The Court properly instructed the jury on the law and, thus, rejects Defendant's argument that it should have included Defense Proposed Instruction 13A. The jury instructions were taken from the Eleventh Circuit Pattern Jury Instructions and made clear the elements of the crimes with which Defendant was charged. Assuming that the jury followed the instructions, as the Court must, United States v. Roy, 855 F.3d 1133, 1187 (11th Cir. 2017), it is clear that the jury could not have convicted Defendant for simply dispersing loan proceeds not in accordance with the HUD-1s. Rather, by finding that the Government proved each element beyond a reasonable doubt, the jurors found that Defendant conspired to make false statements and made the false statements knowingly with intent to influence the actions of the banks. See Jury Instrs., DE 178 at 10-12.
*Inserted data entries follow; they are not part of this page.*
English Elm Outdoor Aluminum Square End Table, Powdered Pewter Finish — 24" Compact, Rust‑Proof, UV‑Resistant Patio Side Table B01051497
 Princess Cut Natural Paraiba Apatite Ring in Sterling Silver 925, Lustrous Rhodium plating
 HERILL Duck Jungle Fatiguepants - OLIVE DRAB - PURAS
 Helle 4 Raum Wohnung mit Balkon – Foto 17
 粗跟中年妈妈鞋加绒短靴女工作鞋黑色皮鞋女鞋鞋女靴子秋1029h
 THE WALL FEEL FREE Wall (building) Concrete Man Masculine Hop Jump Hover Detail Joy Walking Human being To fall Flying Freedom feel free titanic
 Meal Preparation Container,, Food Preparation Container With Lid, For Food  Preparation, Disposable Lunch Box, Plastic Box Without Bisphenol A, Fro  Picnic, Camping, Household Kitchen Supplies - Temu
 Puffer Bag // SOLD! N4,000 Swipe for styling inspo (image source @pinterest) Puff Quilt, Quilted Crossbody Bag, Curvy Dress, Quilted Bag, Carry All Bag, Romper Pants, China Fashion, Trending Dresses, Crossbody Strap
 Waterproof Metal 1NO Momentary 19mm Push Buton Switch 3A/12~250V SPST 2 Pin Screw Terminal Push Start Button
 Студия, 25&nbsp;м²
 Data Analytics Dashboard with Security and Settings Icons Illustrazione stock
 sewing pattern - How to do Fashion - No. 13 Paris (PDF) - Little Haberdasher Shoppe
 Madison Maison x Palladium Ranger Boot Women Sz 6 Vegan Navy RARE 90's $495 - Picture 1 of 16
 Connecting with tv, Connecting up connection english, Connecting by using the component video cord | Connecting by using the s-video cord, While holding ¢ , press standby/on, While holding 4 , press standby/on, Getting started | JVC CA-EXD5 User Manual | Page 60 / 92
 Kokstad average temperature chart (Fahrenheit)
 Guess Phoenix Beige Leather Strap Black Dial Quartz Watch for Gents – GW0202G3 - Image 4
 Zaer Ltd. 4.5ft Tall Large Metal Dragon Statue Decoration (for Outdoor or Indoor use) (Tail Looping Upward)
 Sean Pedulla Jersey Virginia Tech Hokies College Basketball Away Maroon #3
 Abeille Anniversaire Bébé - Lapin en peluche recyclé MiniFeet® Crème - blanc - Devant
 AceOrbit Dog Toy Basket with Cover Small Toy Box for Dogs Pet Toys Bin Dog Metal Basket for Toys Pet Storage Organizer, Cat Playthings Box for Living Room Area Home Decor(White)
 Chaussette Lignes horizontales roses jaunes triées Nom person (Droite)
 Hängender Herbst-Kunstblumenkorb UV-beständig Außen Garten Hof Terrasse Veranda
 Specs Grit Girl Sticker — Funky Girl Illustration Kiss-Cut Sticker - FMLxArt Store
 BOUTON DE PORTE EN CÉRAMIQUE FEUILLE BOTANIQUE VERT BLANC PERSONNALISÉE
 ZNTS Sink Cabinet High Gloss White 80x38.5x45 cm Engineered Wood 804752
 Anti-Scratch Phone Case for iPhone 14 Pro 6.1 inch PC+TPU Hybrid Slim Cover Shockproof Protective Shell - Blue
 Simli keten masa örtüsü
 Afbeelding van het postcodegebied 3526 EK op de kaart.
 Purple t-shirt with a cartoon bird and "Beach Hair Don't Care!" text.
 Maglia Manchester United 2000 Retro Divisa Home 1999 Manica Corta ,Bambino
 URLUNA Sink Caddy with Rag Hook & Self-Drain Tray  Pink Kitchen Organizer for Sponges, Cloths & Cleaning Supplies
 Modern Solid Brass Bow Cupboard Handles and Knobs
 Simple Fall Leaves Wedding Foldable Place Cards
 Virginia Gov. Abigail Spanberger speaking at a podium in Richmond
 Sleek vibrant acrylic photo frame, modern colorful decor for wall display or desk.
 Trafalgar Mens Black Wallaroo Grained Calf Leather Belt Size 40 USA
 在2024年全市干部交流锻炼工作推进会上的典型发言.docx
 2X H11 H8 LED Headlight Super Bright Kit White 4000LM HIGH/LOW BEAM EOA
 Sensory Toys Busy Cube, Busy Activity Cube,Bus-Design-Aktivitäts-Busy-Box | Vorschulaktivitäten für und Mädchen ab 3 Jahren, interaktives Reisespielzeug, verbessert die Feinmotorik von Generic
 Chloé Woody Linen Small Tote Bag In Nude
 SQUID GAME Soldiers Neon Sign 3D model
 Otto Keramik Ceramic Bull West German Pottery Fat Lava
The Court also notes that this case differs from Gutierrez-Acanda, the case on which Defendant relies for Defense Proposed Instruction 13A. In that case, the "jury sent out a question regarding the legality of disbursing loan proceeds prematurely. The parties agreed to a statement that, although the early disbursement of loan proceeds is improper, it is not itself illegal unless done as `part of a scheme or conspiracy to defraud.'" 628 F. App'x at 646 n.2. The Court notes that, in Gutierrez-Acanda, the Court's instruction came in response to a jury question, not as part of the Court's instructions to the jury before the jury deliberations. The Court also notes that the parties agreed to the instruction. In this case, Defendant proposed that Defense Proposed Instruction 13A be part of the Court's final instructions to the jury before the jury deliberations. The Court does not believe that it would have been appropriate to give this special instruction in anticipation of potential jury confusion. Additionally, the Court notes that in this case when the jury sent out this question, "From #603 on HUD Settlement Statement—is it okay for Live Oak to Disperse funds per directive of seller's atty's that are different from settlement statement or must the entire amount go to seller?," DE 180 at 2, Defendant did not request an instruction similar to the instruction in Gutierrez-Acanda; rather, Defendant agreed that, if the Court was not going to answer the question with "yes," it was acceptable for the Court to inform the jurors that they should rely on their recollection of the evidence presented at trial, Trial Tr., June 15, 2018, at 93:18-99:11. Accordingly, the Court finds that there was no error in its decision to exclude Defense Proposed Instruction 13A and that Defendant's Motion for Post-Verdict Judgment of Acquittal or New Trial as to his argument regarding Defense Proposed Instruction 13A is denied.